Clear minds prevail. This is one of the few tidbits of wisdom that works as my mantra. That and karma needs no explanation. Sometimes knowing that doesn’t help. It is in those moments I know that my depression has taken over and this is not just another bad day. Because a bad day I can sit back, think about something such as gazing at my daughter every morning when I wake up, my dog when she falls asleep with her whole foot in her mouth, the nights I spent crashed on my mom’s couch—and smile. These memories help me distinguish between a bad day—which I am capable of changing as long as I am willing to, and a day where my depression is manifesting—which requires medication review and/or therapy to get out of.
I find that too often people who’ve never experienced it think of mental illness as an excuse. Well I’m here to tell you that is absolutely not the case. Anyone can look at me– my achievements, my work ethic, my goals and dreams—and see that I am not someone who is easily stopped. I’m not here to brag or boast, but to use myself as an irrefutable example of how debilitating mental illness can be. And I suffer from 4 of the most common mental illnesses (4 if we are being technical, 2 if not).
Now some science: Generalized Anxiety Disorder affects 3.1% of the US population, Panic Disorder affects 2.7% of the US population, Social Anxiety Disorder affects 6.8% of the US population, and major Depressive Disorder affects 6.7% of the US population. (AADA, 2018) I have all of these, which can be lumped into just depression and anxiety.
Did you know that a whopping 25.1% of our children between 13-18 suffer from some sort of anxiety?
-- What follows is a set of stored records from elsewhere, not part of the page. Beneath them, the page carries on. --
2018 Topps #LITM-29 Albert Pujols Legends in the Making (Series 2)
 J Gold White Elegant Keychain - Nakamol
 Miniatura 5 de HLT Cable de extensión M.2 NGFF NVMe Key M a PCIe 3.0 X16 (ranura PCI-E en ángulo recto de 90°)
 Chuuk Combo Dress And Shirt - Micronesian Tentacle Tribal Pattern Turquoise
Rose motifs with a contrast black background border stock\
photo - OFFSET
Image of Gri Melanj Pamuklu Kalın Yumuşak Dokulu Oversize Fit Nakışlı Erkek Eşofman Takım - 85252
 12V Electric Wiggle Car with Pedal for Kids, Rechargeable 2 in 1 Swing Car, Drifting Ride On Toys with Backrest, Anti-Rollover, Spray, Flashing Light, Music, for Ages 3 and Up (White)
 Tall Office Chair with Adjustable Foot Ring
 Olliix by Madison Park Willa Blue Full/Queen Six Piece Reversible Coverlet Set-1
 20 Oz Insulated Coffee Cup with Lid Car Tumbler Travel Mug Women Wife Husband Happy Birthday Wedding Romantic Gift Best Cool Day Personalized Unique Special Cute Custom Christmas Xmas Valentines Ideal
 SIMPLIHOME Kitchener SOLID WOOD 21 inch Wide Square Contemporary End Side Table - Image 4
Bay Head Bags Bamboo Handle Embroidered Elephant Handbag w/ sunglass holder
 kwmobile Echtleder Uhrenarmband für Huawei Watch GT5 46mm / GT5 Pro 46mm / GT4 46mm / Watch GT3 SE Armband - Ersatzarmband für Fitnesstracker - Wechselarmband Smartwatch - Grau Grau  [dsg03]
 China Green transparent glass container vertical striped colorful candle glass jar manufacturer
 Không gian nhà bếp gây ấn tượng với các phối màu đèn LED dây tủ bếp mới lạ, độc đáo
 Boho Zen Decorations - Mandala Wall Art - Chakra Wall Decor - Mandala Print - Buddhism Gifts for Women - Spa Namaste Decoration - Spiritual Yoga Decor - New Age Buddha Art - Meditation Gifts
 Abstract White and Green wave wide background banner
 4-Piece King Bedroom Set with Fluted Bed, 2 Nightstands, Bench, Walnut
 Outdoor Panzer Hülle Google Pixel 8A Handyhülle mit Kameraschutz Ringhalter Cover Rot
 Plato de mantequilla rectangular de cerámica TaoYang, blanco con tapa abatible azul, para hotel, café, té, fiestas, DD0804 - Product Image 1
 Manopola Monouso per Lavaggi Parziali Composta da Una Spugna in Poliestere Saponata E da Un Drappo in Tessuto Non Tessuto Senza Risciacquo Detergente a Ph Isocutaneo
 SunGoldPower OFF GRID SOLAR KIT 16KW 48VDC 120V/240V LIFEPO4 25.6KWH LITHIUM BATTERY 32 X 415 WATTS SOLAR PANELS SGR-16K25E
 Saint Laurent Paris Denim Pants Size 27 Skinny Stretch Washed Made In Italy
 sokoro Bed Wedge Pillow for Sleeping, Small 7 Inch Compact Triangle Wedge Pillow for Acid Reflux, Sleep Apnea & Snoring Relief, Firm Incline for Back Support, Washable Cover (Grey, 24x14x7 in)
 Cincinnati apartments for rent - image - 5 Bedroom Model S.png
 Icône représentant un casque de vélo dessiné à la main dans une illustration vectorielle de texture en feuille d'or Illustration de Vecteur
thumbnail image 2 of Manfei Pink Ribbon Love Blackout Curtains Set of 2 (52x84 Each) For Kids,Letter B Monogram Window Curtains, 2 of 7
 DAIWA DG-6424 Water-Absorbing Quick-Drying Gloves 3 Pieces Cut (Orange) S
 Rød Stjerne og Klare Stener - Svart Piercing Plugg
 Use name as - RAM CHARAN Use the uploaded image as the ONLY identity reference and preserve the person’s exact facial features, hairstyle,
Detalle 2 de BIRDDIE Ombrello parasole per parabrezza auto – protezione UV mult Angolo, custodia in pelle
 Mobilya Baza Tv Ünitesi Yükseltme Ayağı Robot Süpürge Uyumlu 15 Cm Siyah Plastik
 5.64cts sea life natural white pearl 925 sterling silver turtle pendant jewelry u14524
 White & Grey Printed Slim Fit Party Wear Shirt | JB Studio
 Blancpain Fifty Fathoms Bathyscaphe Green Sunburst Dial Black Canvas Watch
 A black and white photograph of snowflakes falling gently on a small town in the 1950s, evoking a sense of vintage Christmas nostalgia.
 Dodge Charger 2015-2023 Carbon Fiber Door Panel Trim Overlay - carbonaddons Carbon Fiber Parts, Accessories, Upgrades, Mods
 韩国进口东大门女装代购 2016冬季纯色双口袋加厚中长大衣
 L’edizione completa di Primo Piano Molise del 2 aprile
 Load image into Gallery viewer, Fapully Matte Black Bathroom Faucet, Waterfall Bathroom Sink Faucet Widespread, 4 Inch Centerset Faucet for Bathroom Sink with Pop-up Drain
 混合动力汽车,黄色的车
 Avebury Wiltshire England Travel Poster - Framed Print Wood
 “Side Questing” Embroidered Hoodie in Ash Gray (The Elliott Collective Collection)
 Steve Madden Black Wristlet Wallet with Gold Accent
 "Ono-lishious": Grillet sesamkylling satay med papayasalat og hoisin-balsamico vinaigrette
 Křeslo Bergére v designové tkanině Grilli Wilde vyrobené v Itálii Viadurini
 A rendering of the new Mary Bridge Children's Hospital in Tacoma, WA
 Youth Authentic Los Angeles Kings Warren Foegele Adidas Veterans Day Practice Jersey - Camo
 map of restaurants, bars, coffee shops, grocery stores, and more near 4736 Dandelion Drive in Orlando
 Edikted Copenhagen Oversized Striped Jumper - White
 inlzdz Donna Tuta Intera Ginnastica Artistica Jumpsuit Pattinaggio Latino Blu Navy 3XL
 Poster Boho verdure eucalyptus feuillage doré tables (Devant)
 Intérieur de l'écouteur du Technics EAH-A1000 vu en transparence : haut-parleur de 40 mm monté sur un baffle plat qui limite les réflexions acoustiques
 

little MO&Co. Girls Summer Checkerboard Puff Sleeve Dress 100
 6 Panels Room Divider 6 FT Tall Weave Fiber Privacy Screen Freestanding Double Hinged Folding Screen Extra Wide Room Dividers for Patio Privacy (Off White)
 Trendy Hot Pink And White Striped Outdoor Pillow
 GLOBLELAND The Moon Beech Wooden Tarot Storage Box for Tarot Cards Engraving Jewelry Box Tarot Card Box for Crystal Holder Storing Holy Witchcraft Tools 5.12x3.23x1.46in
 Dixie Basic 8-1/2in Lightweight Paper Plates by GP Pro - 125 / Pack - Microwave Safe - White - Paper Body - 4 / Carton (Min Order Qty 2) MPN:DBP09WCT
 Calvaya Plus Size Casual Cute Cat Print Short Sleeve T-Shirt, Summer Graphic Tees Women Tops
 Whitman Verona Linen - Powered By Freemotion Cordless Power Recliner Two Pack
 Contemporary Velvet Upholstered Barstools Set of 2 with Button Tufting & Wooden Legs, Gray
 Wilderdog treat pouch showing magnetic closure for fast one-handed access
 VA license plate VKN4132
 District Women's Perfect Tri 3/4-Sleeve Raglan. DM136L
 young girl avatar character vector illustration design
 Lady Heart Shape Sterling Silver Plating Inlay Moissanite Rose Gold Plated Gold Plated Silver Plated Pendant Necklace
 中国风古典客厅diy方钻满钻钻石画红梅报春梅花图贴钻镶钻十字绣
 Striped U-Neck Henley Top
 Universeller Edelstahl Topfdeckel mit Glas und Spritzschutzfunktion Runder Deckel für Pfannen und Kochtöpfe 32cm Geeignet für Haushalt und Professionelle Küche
Or that 50% of people diagnosed with depression are also diagnosed with some sort of anxiety? Or that anxiety disorders develop from many risk factors, including genetics, brain chemistry, and life events? Yes, I said genetics.
Now, to get to my point. Do not tell someone who is suffering from mental illness to get over it. If you don’t understand what they are going through ask them. Know that it is NOT an excuse or attention seeking behavior (and honestly if it IS attention seeking behavior there is probably and underlying issue!!). If you suffer from mental illness don’t expect everyone to understand, you have to learn to ignore the negative comments or if you’d like, educate them. There are obviously many levels and even types of depression and anxiety. Triggers, or what sets them off, vary from person to person. Therapy helps identify triggers and how to avoid them or navigate through them. But sometimes we can’t do it alone. We call out for help in our own ways. A blog. A Facebook post. A phone call, text message, isolation, sleeping all the time or not at all, fresh cuts on the body, nervous actions and behaviors, lashing out, irritability, and the list goes on and on and on.
If someone’s behavior suddenly changed or if you’ve noticed anything weird try to get them to talk about it. I can say personally asking if I’m okay isn’t going to cut it. I’m going to say I’m fine, or life is life, or the usual. I work best with folks I can relate with when I’m going through these times. People that say—I know, me too. Start the conversation with something you’ve personally struggled with and allow them to bring up their own struggles. Or force them into your company. When I’m struggling the thought of doing anything or being around anyone is nauseating and gives me a headache. So if you ask and I blow you off or act irritated know that is not me. It is my anxiety speaking, because once I’m doing something or with someone I love it. Depression/anxiety just makes me forget the things that I enjoy.
Bear with us, know it isn’t personal, know it isn’t an excuse, and don’t let us suffer if you can help. A simple me too makes a world of a difference. Hearing it from a few people is what pulled me out of my last depressive moment. Well and medication change—but the help from others is what made me clear headed enough to look at my medication.